Business leaders, once described by Australia’s most vicious business columnist Joe Aston as “15 businesspeople who share the same stockbroker, GP, babysitter, hairdresser and usually grandparents,” were happy to keep Covid-19 away from their operations, even as their organizations struggled to source skilled workers and equipment, or had to stop work to keep the disease out of remote indigenous communities.

Voters were also. Western Australia’s Premier Mark McGowan’s Labor Party won a second election so resoundingly that it took all but five lower house seats. 

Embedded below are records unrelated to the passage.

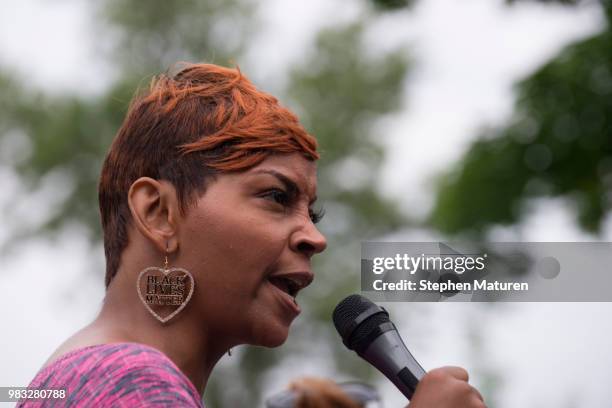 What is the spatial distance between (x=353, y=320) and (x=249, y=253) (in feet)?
1.16

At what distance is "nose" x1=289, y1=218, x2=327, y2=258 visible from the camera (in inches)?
105

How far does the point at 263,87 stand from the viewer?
53.9 ft

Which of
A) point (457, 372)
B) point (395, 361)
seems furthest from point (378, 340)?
point (457, 372)

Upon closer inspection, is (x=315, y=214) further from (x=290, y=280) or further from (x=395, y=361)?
(x=395, y=361)

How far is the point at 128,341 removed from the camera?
2518 millimetres

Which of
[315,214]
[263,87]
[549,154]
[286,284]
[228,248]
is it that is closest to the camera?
[228,248]

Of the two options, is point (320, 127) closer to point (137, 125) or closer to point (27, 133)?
point (27, 133)

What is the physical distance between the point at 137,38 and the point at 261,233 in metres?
15.7

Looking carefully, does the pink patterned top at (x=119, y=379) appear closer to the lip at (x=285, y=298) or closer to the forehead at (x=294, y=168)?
the lip at (x=285, y=298)

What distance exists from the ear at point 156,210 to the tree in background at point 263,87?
40.8ft

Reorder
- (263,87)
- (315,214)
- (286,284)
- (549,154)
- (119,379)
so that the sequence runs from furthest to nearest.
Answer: (263,87) < (549,154) < (315,214) < (286,284) < (119,379)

The country-focussed Nationals were in the unusual position of forming an opposition, while the conservative Liberal party, which ran the state for 11 years through the mining boom, took two seats. The state has become Australia’s first one-party democracy. 

However, by late 2021 the most senior business leaders were calling for borders to open, seeing isolation as a longer-term economic drag, putting the centrist, business-friendly Labor premier under more pressure. 

Conglomerate Wesfarmers said it was “impossible” to do business in the state at the beginning of February, although its threats to move its headquarters to Melbourne were largely hot air. 

Later the same month, Shell CEO Ben van Beurden blamed the border closure on the slow restart of his company’s gigantic floating LNG vessel, the Prelude. After a fire knocked out operations, half the staff were evacuated and production shut down. He told an earnings call that repairs were taking longer thanks to the border closure. 

“To get a vendor specialist in means that person will have to quarantine for weeks before they can go onboard, so these problems compound the issue a little bit, but also we want to make sure when we restart that we have resolved the problem,” he said. 

Clive Palmer speaks at National Press Club event in Canberra, Australia, in a file photo. Image: AFP via Getty Images/Stefan Postles

In fact, a safety report from the offshore regulator – which is overseen by the Commonwealth government and not the state – found far more serious issues. 

Meanwhile, billionaire mining magnate turned failed politician Clive Palmer has taken the premier to court, arguing the border closure was unconstitutional, as were “mandatory” vaccinations.

He suggested McGowan had a “license to kill” and sponsored ads on YouTube for his Palmer United Party, asking the politically faithful to “tear down this wall.” Palmer now has Covid-19.